The fund manager expects that slowing global growth and deep-seated U.S.-China trade tensions will force the Fed to lower rates twice more in 2019. That’s more than futures traders, who are pricing in roughly 29 basis points of easing by the end of the year. Stealey is wagering that a more aggressive Fed will drive the yield curve steeper.
While the U.S. and China have agreed on the outlines of a partial trade agreement, Stealey isn’t expecting a “wholesale deal” that removes existing tariffs. Those levies will continue to drag on the global economy and force the Fed to commit to a “proper cycle” of rate cuts, he said. Those same concerns were behind the International Monetary Fund on Tuesday making the fifth-straight downgrade to its 2019 global growth forecast, which now calls for 3% expansion this year.
“The tariffs are starting to bite, and not just in manufacturing, but in the broader economy,” said Stealey, co-manager of the JPMorgan Global Bond Opportunities Fund. “We still see the global economy slowing, and in that environment, we think the Fed’s going to react to it.”
Betting on a steeper curve was one of 2019’s most popular trades, with the likes of Pacific Investment Management Co. and Vanguard Group Inc. calling for the curve to reverse course after some segments reached the flattest in more than a decade.
For months, that looked like a losing position.
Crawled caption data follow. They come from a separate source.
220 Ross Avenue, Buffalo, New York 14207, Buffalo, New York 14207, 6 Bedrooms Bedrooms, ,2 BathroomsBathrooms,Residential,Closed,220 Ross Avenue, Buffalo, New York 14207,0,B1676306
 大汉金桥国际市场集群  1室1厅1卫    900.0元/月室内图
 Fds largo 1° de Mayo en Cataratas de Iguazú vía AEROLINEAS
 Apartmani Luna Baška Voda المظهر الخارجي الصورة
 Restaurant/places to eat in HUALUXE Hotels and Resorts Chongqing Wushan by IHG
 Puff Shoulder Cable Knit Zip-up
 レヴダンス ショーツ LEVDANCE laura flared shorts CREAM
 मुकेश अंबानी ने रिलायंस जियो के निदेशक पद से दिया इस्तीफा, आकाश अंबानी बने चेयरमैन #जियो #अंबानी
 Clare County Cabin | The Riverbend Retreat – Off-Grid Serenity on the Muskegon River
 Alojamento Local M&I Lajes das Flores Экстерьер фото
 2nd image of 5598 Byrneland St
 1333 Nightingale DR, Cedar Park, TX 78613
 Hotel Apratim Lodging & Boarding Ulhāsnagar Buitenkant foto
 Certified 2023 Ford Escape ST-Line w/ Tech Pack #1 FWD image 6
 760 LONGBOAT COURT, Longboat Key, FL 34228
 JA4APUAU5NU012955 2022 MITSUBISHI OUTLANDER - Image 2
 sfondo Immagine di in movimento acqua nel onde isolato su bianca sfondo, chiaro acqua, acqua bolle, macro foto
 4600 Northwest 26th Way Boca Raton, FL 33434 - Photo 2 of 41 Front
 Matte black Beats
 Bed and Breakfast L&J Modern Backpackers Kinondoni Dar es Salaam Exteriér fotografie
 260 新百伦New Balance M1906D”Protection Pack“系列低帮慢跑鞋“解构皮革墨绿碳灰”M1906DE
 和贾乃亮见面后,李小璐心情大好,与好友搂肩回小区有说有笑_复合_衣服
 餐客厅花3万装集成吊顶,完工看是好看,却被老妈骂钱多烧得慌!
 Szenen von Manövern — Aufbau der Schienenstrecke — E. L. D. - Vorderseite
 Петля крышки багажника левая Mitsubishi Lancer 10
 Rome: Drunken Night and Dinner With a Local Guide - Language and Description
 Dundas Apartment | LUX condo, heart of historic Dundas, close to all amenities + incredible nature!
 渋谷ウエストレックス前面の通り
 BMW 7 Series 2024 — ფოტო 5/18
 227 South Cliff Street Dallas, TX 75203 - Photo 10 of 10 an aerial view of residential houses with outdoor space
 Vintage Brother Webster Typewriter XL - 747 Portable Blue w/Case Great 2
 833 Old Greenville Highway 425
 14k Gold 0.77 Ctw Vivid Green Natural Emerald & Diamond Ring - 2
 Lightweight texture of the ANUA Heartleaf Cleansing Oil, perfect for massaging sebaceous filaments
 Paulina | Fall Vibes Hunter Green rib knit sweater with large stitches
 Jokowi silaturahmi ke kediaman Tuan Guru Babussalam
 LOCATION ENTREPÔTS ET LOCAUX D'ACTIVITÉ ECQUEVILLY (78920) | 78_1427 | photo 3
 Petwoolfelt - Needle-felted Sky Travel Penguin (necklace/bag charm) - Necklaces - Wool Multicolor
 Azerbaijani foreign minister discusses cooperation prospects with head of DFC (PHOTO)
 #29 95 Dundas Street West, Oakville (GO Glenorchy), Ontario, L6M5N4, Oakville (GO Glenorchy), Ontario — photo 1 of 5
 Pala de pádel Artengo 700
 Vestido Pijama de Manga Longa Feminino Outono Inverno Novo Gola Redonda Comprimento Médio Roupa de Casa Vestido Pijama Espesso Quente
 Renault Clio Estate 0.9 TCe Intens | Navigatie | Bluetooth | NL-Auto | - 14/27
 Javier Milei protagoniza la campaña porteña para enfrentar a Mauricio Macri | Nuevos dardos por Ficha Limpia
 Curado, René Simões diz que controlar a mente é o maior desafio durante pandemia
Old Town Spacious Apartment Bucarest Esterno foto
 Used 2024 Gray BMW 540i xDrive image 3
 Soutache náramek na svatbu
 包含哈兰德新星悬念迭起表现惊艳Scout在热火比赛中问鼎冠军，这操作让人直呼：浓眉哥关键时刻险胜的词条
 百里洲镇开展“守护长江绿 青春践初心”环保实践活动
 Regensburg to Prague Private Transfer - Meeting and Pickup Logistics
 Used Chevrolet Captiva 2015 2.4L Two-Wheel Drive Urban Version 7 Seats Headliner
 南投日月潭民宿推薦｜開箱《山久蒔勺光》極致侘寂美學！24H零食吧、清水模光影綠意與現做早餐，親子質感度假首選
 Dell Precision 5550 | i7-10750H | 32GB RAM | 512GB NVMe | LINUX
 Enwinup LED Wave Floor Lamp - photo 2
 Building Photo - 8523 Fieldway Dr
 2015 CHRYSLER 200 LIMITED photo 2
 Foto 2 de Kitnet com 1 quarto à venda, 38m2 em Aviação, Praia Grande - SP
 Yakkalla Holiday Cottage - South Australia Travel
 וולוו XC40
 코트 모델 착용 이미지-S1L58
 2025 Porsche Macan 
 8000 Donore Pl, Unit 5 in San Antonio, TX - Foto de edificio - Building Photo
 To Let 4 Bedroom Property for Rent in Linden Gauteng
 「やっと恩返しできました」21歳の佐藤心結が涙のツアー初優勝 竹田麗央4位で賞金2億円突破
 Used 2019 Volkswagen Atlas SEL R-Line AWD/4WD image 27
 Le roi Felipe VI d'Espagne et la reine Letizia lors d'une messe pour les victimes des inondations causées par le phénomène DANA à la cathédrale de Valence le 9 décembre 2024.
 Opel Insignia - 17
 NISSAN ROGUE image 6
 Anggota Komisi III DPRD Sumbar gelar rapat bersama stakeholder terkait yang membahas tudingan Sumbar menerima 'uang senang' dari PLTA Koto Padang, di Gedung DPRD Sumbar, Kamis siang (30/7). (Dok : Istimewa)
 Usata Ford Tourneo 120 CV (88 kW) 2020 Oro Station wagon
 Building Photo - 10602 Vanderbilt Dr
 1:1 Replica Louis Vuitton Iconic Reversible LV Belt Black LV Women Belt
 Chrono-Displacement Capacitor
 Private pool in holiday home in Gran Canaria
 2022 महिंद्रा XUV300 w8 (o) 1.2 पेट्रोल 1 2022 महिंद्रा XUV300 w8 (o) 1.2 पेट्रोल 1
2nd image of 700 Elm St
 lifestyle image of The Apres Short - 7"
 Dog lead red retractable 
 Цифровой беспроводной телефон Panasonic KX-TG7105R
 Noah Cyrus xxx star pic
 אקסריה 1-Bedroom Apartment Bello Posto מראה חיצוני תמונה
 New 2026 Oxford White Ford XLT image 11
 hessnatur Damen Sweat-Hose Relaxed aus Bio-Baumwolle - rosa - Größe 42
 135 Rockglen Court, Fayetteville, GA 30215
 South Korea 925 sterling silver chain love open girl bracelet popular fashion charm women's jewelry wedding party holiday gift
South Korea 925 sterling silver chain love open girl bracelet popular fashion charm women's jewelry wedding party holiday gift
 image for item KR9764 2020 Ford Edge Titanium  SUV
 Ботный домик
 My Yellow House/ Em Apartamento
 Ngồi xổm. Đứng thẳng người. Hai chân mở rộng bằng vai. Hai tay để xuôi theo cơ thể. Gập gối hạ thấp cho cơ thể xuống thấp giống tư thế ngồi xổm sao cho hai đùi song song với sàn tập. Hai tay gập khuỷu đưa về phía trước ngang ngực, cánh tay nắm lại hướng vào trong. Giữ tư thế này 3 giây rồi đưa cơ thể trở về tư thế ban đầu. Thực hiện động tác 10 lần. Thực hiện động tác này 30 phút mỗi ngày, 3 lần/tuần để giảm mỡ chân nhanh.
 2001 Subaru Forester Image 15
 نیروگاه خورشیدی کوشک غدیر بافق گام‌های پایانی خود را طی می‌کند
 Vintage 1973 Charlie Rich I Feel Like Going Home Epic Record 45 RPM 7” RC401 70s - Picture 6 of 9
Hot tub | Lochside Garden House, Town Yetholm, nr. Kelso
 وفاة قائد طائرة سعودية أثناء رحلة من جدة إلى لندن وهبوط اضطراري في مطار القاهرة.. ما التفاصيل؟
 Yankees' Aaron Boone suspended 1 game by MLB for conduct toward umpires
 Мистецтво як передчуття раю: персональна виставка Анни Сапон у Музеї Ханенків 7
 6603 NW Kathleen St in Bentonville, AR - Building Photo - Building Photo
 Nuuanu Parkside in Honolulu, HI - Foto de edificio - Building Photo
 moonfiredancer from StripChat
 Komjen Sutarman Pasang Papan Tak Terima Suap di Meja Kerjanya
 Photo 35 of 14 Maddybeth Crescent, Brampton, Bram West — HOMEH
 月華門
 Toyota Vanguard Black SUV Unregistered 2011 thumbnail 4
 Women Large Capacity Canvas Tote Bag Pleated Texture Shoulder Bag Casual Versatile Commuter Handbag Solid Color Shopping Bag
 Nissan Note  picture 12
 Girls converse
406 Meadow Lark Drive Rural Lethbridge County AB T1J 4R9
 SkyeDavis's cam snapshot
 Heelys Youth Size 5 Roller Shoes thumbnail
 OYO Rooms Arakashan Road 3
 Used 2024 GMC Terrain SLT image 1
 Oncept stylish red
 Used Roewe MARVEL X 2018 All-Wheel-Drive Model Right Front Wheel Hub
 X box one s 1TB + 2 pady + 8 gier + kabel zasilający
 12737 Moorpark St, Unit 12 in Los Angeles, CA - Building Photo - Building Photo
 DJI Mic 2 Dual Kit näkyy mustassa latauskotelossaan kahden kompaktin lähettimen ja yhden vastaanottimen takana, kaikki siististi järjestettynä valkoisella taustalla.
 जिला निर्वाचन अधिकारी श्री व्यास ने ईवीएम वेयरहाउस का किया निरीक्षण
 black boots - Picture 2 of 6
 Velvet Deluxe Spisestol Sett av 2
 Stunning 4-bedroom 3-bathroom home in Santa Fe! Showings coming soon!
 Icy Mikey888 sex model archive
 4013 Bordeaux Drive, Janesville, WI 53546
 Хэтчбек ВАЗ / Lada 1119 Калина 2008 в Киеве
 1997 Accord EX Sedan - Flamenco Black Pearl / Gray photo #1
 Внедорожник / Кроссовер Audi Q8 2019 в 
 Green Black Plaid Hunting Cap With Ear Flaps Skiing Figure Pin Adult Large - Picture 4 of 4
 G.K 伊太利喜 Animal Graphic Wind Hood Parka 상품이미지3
But the spread between three-month and 10-year Treasury yields is currently trading near 7 basis points after turning positive for the first time since July last week.
The curves recent steepening will accelerate should weakness in survey-based data bleed into the U.S. labor market, Stealey said. While U.S. manufacturing and services gauges unexpectedly dropped to multiyear lows in September, the unemployment rate declined to a half-century low last month.
Wednesday’s U.S. retail sales report may add to the gloomy outlook. It showed an unexpected 0.3% monthly contraction for September, suggesting consumers are starting to wobble as the main support for economic growth.
“Ultimately, it’s hard for the curve to properly steepen” until the Fed commits to a prolonged rate-cutting cycle, Stealey said. “We’re at the point now where we’re going to see over the next few weeks if the data is going to significantly deteriorate and forces the Fed’s hand.”